— WORK INSTRUCTIONS —
Once you reach the line with "Fossil Brown Strap Bar Men S221496 (M)" below, copy each line exactly, stopping after the line with "SOL'S RACE WOMEN", and skip any pictures.

— SUPPLIED RECORDS —

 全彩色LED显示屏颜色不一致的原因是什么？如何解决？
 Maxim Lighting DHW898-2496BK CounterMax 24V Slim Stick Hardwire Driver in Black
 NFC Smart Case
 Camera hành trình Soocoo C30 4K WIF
---
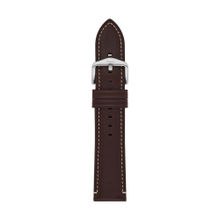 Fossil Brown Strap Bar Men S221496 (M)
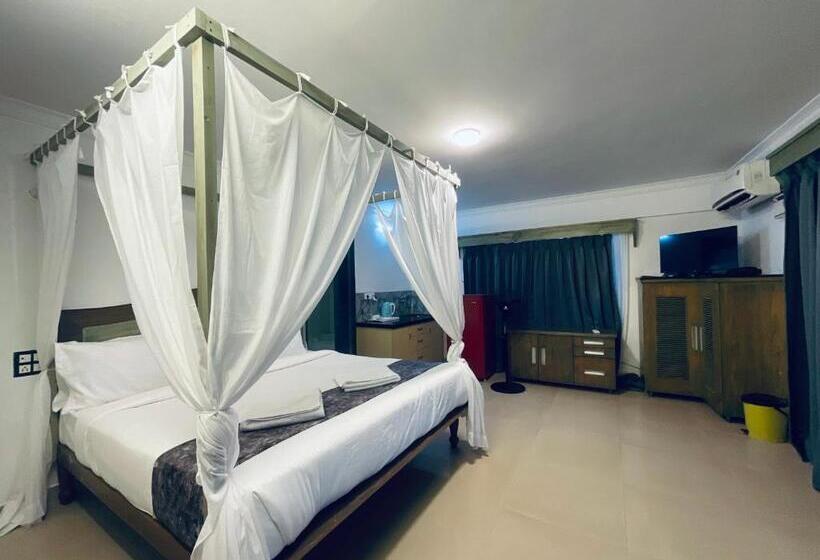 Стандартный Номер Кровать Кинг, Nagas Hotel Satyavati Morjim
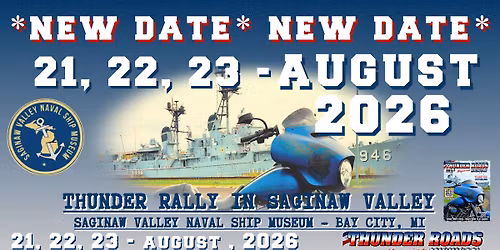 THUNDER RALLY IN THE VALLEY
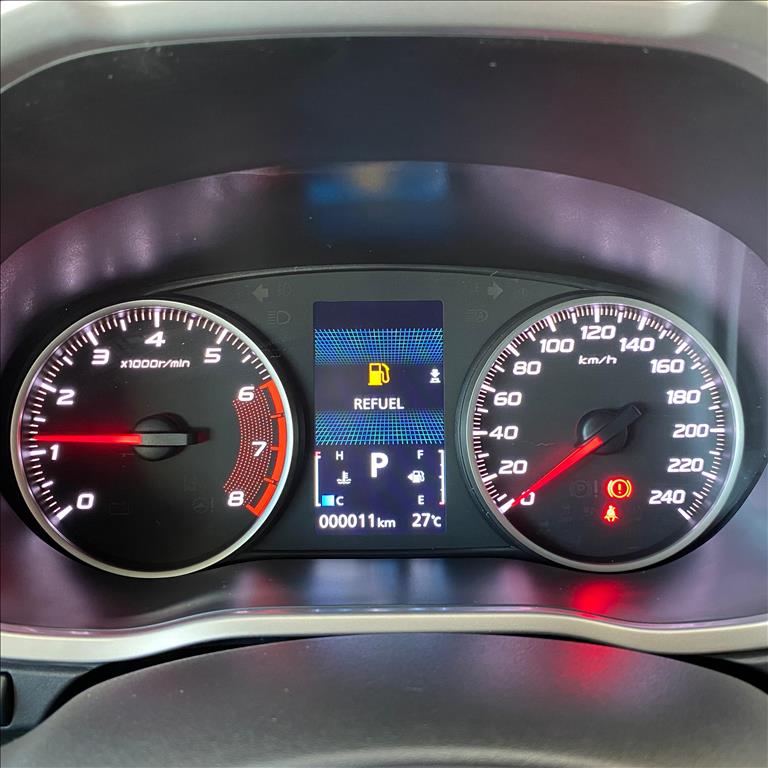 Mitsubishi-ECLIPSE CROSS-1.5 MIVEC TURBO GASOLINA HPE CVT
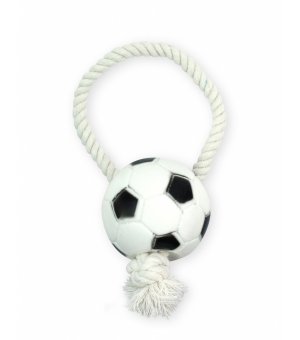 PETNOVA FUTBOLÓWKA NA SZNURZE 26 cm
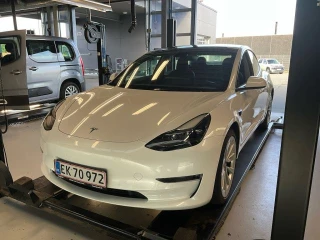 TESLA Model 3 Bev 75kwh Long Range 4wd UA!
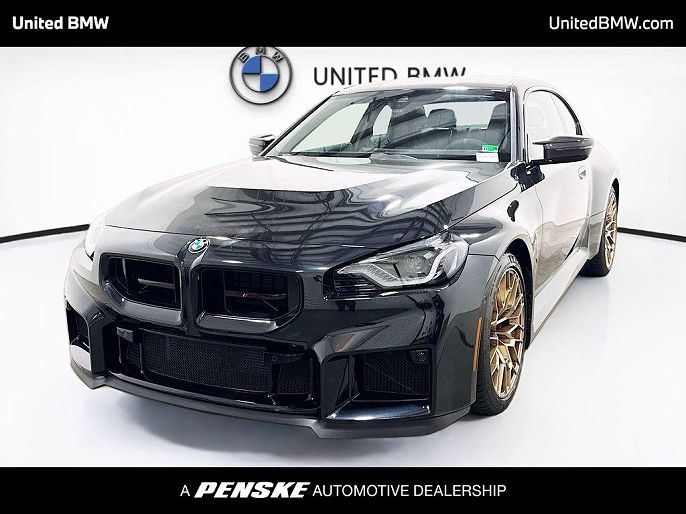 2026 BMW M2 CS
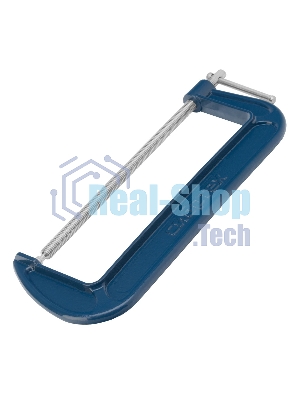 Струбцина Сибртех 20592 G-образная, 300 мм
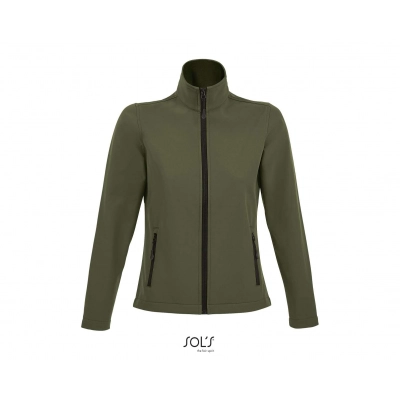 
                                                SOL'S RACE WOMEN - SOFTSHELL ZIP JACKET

— RESULT FOR THIS TASK —
 Fossil Brown Strap Bar Men S221496 (M)
 Стандартный Номер Кровать Кинг, Nagas Hotel Satyavati Morjim
 THUNDER RALLY IN THE VALLEY
 Mitsubishi-ECLIPSE CROSS-1.5 MIVEC TURBO GASOLINA HPE CVT
 PETNOVA FUTBOLÓWKA NA SZNURZE 26 cm
 TESLA Model 3 Bev 75kwh Long Range 4wd UA!
 2026 BMW M2 CS
 Струбцина Сибртех 20592 G-образная, 300 мм
                                                SOL'S RACE WOMEN - SOFTSHELL ZIP JACKET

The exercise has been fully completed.